The SBU first announced a call for proposals to build the estate in February 2014. According to the bid specifications, the complex was to consist of 13 buildings of between 16 and 22 stories each. According to documents published on the SBU website, at least 329 apartments, or 17,625 square meters, had to be given to the SBU.

Kyiv-based Arkada Construction Company initially won the bid and was obliged to provide 332 apartments to war veterans.

In August 2014, however, a new bid was announced – with no mention of the tender process re-starting – in a special section of the SBU’s website. The SBU later deleted information about Arkada’s initial winning bid from its website.

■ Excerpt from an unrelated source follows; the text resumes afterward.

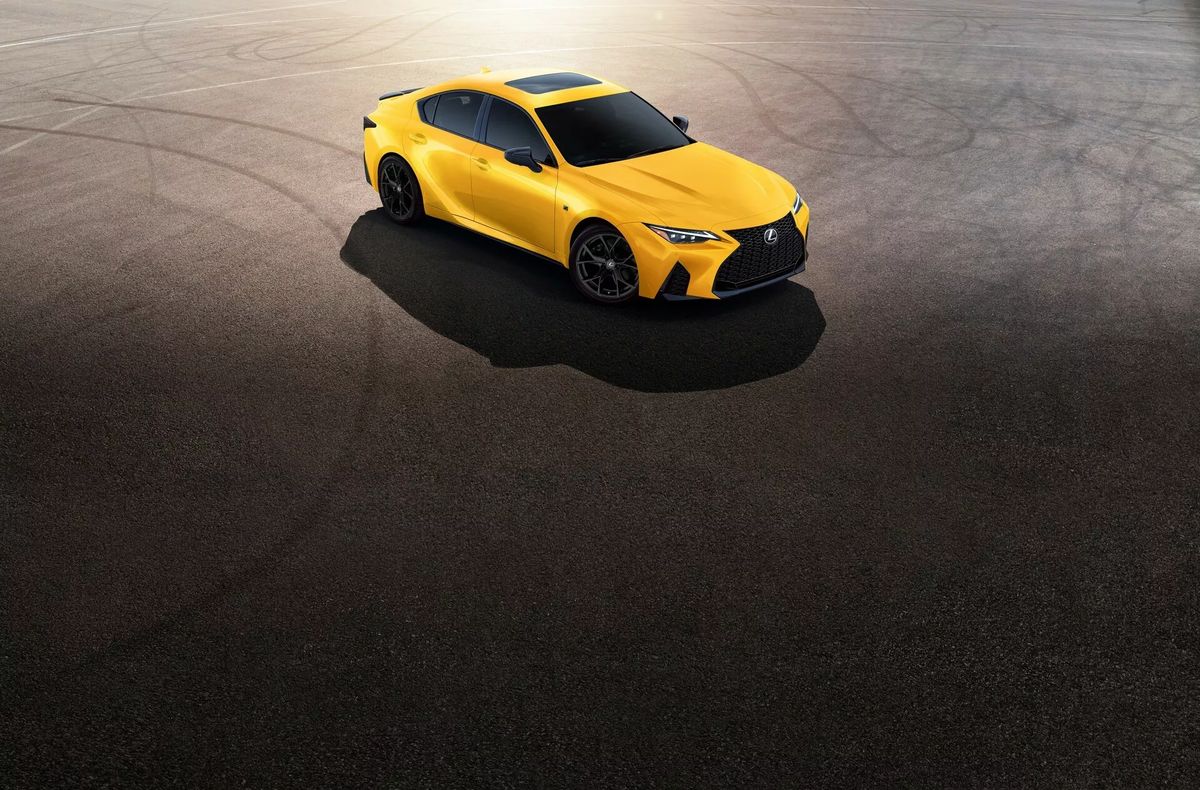 2025-Lexus-IS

According to Arkada company lawyers, the company failed to agree on the terms for sharing the construction and commissioning rights to the project with the SBU, an agreement Arkada needed in order to sell mortgages for the property. The company then stopped working with the SBU.

A new winner – Housebuilding Company No. 7 – was announced after the SBU changed the details of the project to make the deal much sweeter. The SBU decreased the minimum number of apartments it should get to 323, while removing any limitations on the height of the buildings. Afterward, the winner said its buildings would range from 25 to 27 stories.

Posted by Об'єднання громадян "Вартові Голосієва" on Sunday, January 24, 2016

 

Housebuilding Company No. 7

The organization that stands to earn the most is Housebuilding Company No. 7, a company that is listed as being owned by Roman Bielik, a resident of Stovpyahy village in Kyiv Oblast, and an asset management company representing unknown beneficiaries. It is possible Bielik, an attorney who could not be reached, may be a proxy for another party.

In July 2015, the building company’s head and former owner, Oleh Chenchyk, told the Levyy Bereg website that Bergen is a “social, not a commercial project, so the apartments will not go on sale.”

But in an interview with the Kyiv Post on Jan. 27, the deputy head of Housebuilding Company No. 7, Yuriy Sokolnytsky, said this was not “precise information,” as a number of undisclosed investors are financing the project.

“The social focus of this project doesn’t mean that investors who are investing their money won’t get a profit – they will… But it can’t be a VIP project, it’s an economy class one, as some of the apartments will be given to SBU employees. The others will be sold,” he said.

Despite the SBU issuing a decree on Dec. 29 asking the construction company to consider halting their work “because of public tension,” concrete mixer trucks continued to be seen entering the controversial residential development.

Sokolnytsky said the company used several people “their contractor hired” to make sure the mixers make it to the site.

“We wanted to find out who is behind residents’ protests against the construction, that’s why we used those guys – they are not titushki,” Sokolnytsky added. “They were there just for two days. I instructed them, they were not allowed to use any force. We have an agreement where deadlines were set,” Sokolnytsky said. “Now what? Stop construction? Then who’ll pay for the expenditures?